(Short web captions)
****************************************

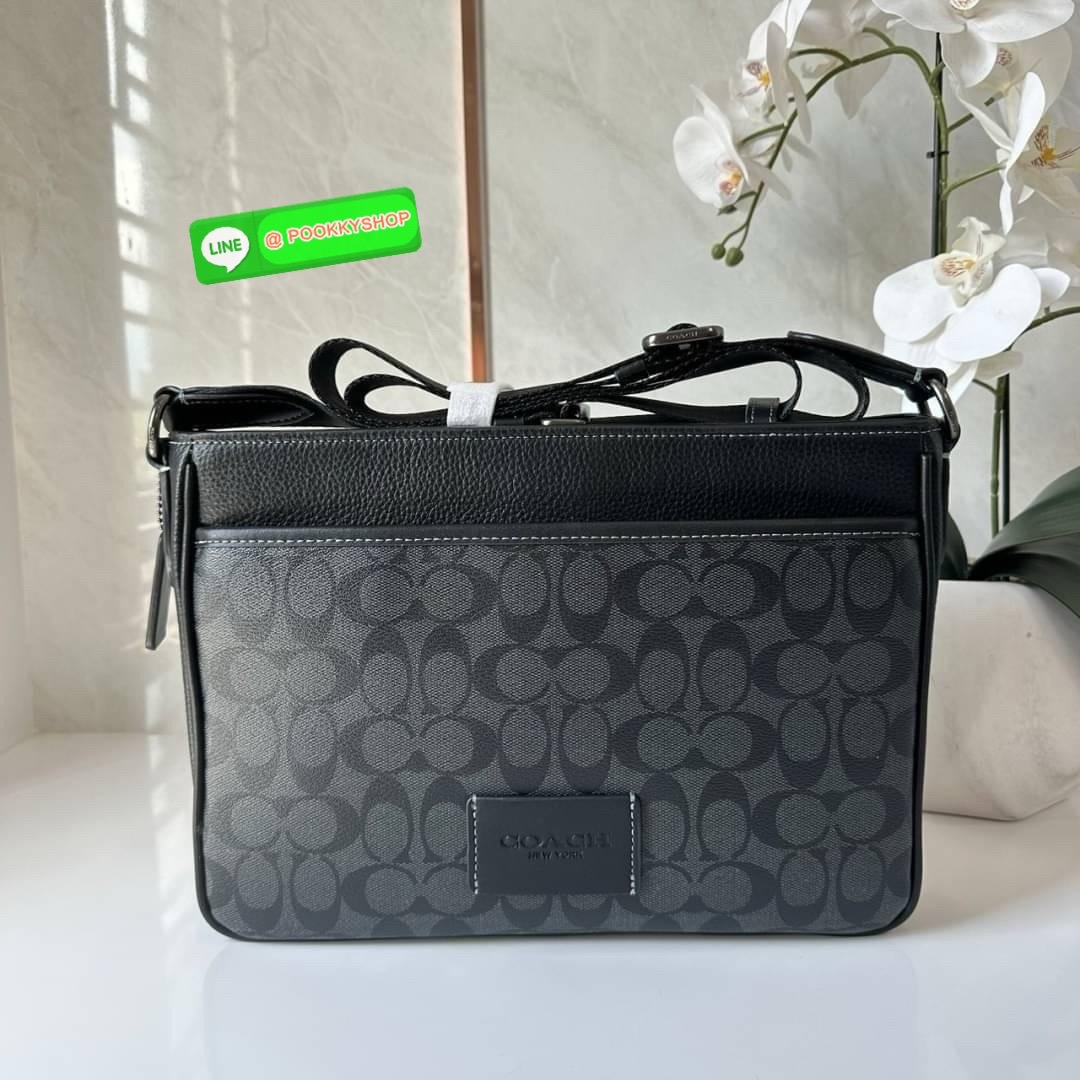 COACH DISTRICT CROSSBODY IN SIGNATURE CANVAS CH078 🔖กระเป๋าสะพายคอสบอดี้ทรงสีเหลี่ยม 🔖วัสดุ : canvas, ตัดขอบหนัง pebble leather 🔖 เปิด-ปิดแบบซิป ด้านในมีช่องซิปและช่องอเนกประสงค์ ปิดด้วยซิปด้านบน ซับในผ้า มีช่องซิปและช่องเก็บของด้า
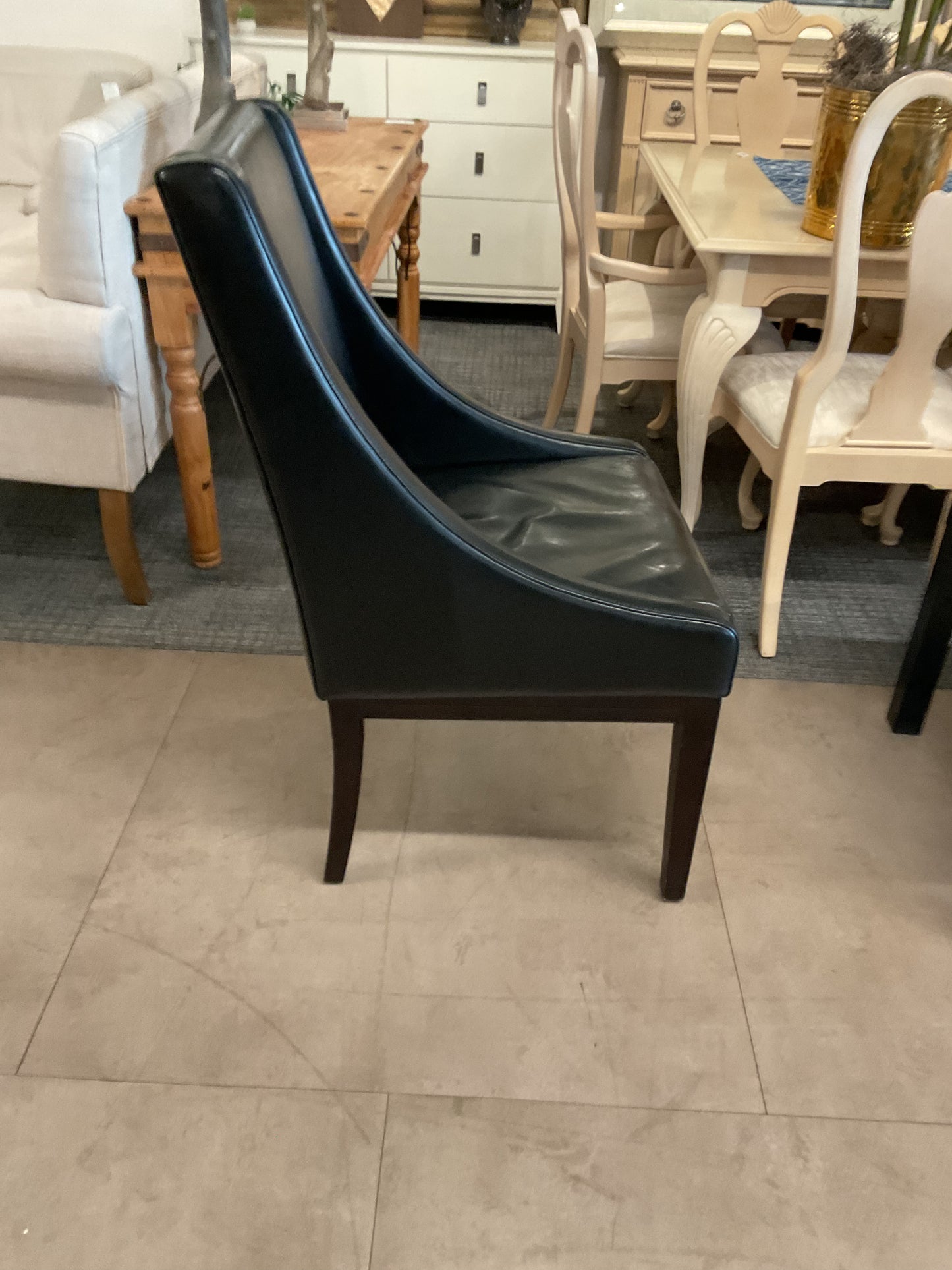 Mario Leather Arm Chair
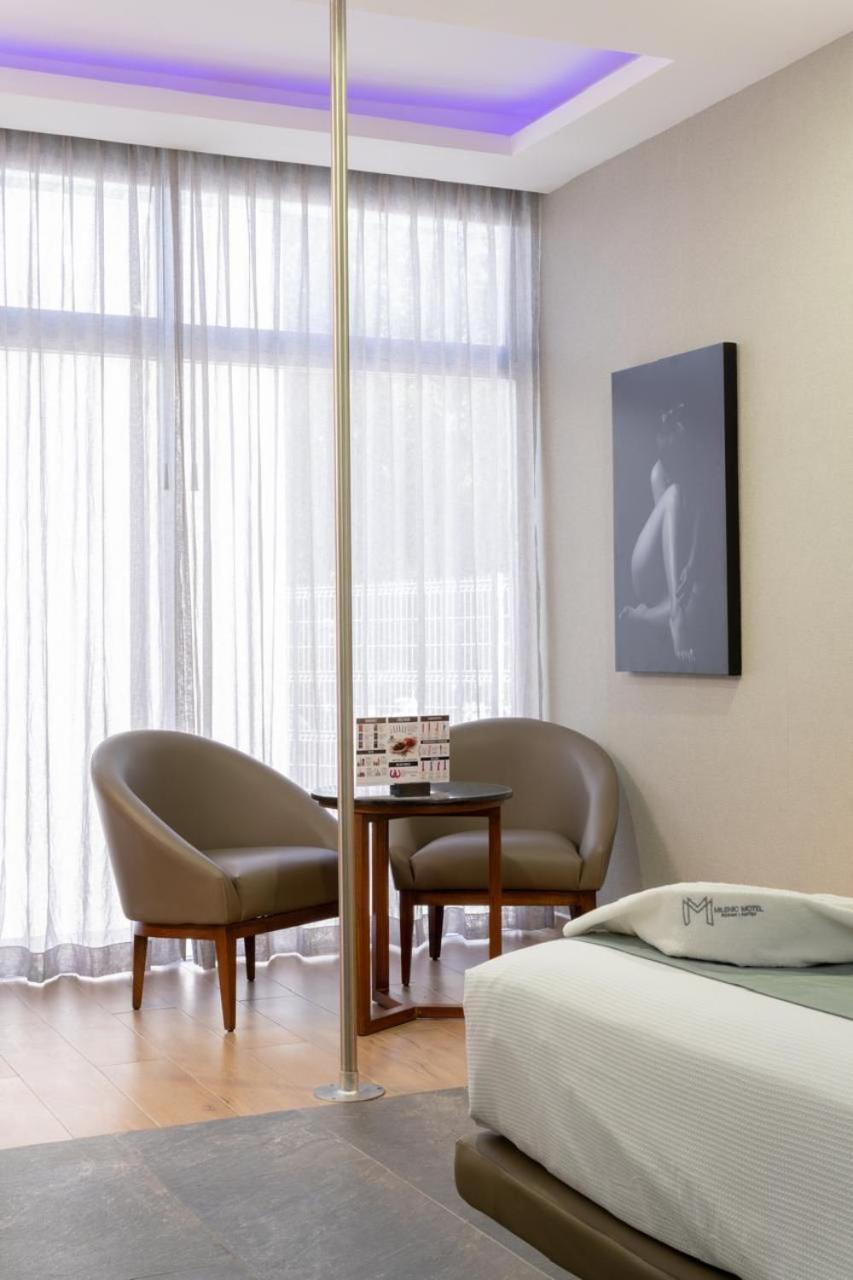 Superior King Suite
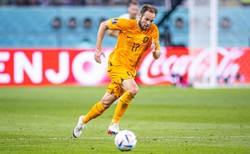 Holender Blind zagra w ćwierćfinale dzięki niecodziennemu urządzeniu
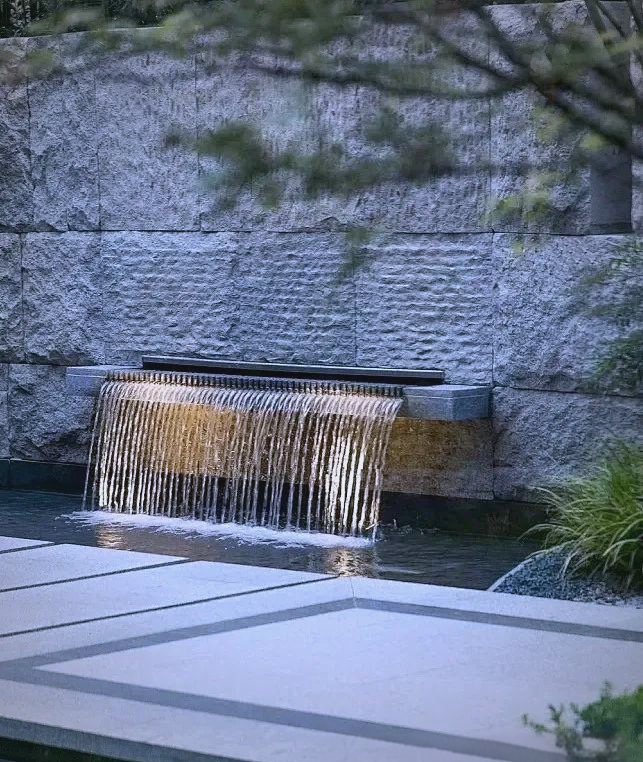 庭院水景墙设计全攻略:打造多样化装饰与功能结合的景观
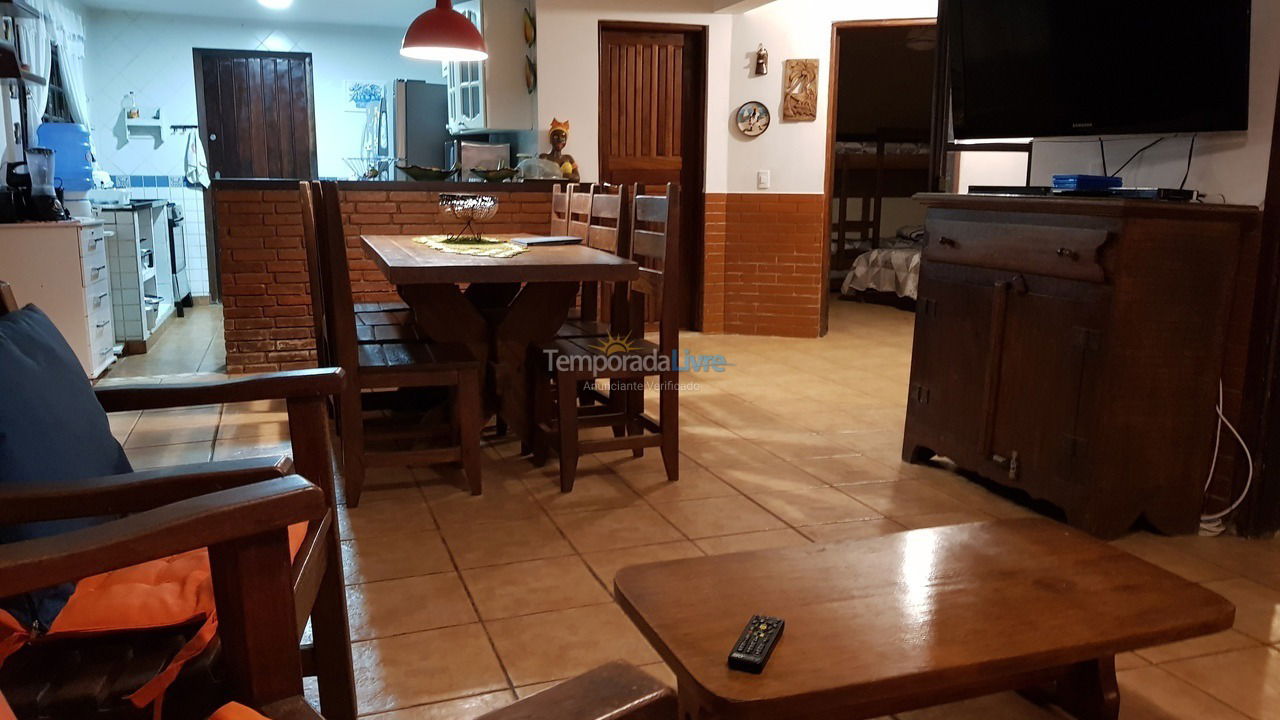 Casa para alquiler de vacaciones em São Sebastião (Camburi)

****************************************

__Required work__
All entries above should be returned exactly, apart from their pictures.

__The completed task__
 COACH DISTRICT CROSSBODY IN SIGNATURE CANVAS CH078 🔖กระเป๋าสะพายคอสบอดี้ทรงสีเหลี่ยม 🔖วัสดุ : canvas, ตัดขอบหนัง pebble leather 🔖 เปิด-ปิดแบบซิป ด้านในมีช่องซิปและช่องอเนกประสงค์ ปิดด้วยซิปด้านบน ซับในผ้า มีช่องซิปและช่องเก็บของด้า
 Mario Leather Arm Chair
 Superior King Suite
 Holender Blind zagra w ćwierćfinale dzięki niecodziennemu urządzeniu
 庭院水景墙设计全攻略:打造多样化装饰与功能结合的景观
 Casa para alquiler de vacaciones em São Sebastião (Camburi)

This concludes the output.